ISO 4217 defines 3-letter currency symbols:
Do currencies' minor units (cent, pence) have a ISO or similar standard, too, that defines codes for those sub-units like
The standard also defines the relationship between the major currency unit and any minor currency unit. Often, the minor currency unit has a value that is 1/100 of the major unit, but 1/1000 is also common. Some currencies do not have any minor currency unit at all. In others, the major currency unit has so little value that the minor unit is no longer generally used (e.g. the Japanese sen, 1/100th of a yen). This is indicated in the standard by the currency exponent.

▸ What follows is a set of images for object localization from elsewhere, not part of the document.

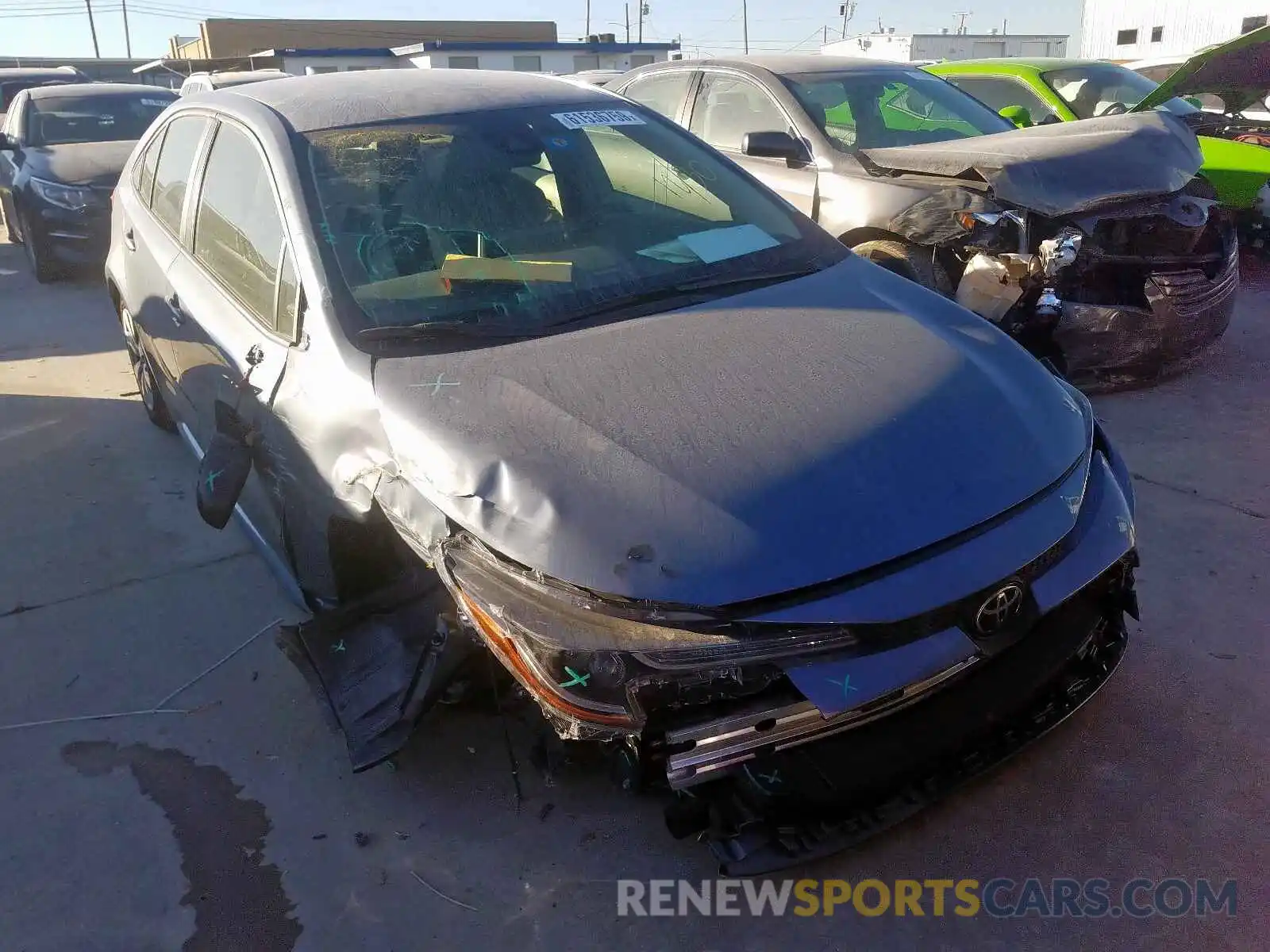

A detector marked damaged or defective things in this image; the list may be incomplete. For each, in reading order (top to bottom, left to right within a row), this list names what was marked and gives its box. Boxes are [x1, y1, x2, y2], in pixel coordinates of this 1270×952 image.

crumpled hood [23, 140, 137, 187]
cracked windshield [297, 100, 832, 336]
damaged toyota corolla [106, 71, 1143, 876]
damaged gray sedan [106, 71, 1143, 876]
wrecked silver car [106, 71, 1143, 876]
broken headlight [435, 536, 851, 730]
crumpled hood [371, 257, 1086, 606]
wrecked silver car [616, 57, 1238, 392]
damaged toyota corolla [616, 57, 1238, 392]
damaged gray sedan [616, 57, 1238, 392]
crumpled hood [864, 112, 1200, 216]
wrecked green car [921, 25, 1270, 249]
detached bumper cover [1054, 246, 1238, 393]
crumpled hood [1137, 23, 1270, 115]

For example, USD has exponent 2, while JPY has exponent 0. Mauritania does not use a decimal division of units, setting 1 ouguiya (UM) = 5 khoums, and Madagascar has 1 ariary = 5 iraimbilanja.
As for a better word, how does minor currency unit suit? Although, Wikipedia also refers to it as sub unit. Take your pick.
There is a table on that Wikipedia article listing the standard precision for the minor currency unit.
In the financial markets there's roughly two established industry standards.
The first one is really a case-by-case agreement, mostly enforced by exchanges that have their securities quote in the minor currency unit. This lead to:
- GBX for British pence
- ZAC for South-African cents
- ILA for Israeli agorot
Probably pioneered by Reuters and Bloomberg, the second standard is far more wide-spread and consistent. The agreement is to lowercase the third letter to denote the minor units.
- GBp, ZAr, ILs, USd, EUr, etc.
You need to look at the standard itself.
From the ISO website:
ISO 4217:2008 specifies the structure for a three-letter alphabetic code and an equivalent three-digit numeric code for the representation of currencies and funds. For those currencies having minor units, it also shows the decimal relationship between such units and the currency itself.
ISO 4217:2008 also establishes procedures for a Maintenance Agency, and specifies the method of application for codes.
The key bit is:
it also shows the decimal relationship between such units and the currency itself.